── INFORMATION GIVEN ──
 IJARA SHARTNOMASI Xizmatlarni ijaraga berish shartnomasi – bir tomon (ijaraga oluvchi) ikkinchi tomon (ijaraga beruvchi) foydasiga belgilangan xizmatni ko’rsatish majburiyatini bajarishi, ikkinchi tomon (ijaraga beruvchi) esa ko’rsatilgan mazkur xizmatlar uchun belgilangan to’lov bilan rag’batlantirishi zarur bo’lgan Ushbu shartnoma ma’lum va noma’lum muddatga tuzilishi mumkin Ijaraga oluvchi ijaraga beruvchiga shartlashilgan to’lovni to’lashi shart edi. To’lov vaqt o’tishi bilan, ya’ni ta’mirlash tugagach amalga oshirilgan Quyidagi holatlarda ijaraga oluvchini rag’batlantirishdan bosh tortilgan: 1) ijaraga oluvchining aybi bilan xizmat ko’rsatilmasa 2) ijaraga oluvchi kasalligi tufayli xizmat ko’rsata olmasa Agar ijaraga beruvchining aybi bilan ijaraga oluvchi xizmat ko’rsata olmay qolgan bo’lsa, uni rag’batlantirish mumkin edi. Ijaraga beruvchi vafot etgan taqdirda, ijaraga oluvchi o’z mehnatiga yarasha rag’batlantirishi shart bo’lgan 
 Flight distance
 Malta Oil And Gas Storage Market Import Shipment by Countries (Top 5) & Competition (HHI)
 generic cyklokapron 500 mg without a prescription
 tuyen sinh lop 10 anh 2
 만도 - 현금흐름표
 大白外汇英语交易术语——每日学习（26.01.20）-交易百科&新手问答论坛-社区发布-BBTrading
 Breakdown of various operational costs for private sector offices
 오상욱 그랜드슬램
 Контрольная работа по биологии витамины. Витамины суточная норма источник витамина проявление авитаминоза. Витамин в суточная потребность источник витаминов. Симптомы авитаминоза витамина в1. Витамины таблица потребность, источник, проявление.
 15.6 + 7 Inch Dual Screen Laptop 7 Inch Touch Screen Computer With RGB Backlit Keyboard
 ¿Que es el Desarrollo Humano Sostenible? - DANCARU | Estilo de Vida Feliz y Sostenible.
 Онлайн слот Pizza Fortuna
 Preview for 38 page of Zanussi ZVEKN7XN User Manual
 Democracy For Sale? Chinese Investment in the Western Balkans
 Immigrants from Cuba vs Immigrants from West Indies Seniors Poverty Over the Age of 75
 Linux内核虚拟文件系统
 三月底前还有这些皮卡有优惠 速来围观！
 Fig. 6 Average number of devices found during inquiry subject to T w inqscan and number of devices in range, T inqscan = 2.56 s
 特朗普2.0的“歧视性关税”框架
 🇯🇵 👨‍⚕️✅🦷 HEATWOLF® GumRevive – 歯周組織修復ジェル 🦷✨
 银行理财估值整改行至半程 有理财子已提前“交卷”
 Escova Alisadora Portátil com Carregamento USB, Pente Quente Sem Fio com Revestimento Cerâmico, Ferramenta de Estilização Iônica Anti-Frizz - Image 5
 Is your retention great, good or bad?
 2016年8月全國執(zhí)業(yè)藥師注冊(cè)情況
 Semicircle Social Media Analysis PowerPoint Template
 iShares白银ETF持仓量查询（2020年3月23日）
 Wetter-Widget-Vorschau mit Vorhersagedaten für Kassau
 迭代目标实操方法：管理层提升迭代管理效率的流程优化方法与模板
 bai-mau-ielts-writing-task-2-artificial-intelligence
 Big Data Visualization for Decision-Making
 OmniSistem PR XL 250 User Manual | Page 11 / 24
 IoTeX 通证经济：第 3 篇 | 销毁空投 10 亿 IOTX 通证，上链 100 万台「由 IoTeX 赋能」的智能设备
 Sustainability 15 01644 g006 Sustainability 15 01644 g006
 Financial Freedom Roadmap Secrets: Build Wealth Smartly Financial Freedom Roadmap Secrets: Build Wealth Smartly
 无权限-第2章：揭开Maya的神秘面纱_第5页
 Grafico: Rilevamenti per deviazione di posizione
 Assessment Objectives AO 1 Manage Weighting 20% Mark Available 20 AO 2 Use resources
───
→ TASK PROMPT: Having found the line with "Democracy For Sale?", please set it down along with every line after it through the end of the material above, exactly and with nothing added.

→ SOLUTION BELOW:
 Democracy For Sale? Chinese Investment in the Western Balkans
 Immigrants from Cuba vs Immigrants from West Indies Seniors Poverty Over the Age of 75
 Linux内核虚拟文件系统
 三月底前还有这些皮卡有优惠 速来围观！
 Fig. 6 Average number of devices found during inquiry subject to T w inqscan and number of devices in range, T inqscan = 2.56 s
 特朗普2.0的“歧视性关税”框架
 🇯🇵 👨‍⚕️✅🦷 HEATWOLF® GumRevive – 歯周組織修復ジェル 🦷✨
 银行理财估值整改行至半程 有理财子已提前“交卷”
 Escova Alisadora Portátil com Carregamento USB, Pente Quente Sem Fio com Revestimento Cerâmico, Ferramenta de Estilização Iônica Anti-Frizz - Image 5
 Is your retention great, good or bad?
 2016年8月全國執(zhí)業(yè)藥師注冊(cè)情況
 Semicircle Social Media Analysis PowerPoint Template
 iShares白银ETF持仓量查询（2020年3月23日）
 Wetter-Widget-Vorschau mit Vorhersagedaten für Kassau
 迭代目标实操方法：管理层提升迭代管理效率的流程优化方法与模板
 bai-mau-ielts-writing-task-2-artificial-intelligence
 Big Data Visualization for Decision-Making
 OmniSistem PR XL 250 User Manual | Page 11 / 24
 IoTeX 通证经济：第 3 篇 | 销毁空投 10 亿 IOTX 通证，上链 100 万台「由 IoTeX 赋能」的智能设备
 Sustainability 15 01644 g006 Sustainability 15 01644 g006
 Financial Freedom Roadmap Secrets: Build Wealth Smartly Financial Freedom Roadmap Secrets: Build Wealth Smartly
 无权限-第2章：揭开Maya的神秘面纱_第5页
 Grafico: Rilevamenti per deviazione di posizione
 Assessment Objectives AO 1 Manage Weighting 20% Mark Available 20 AO 2 Use resources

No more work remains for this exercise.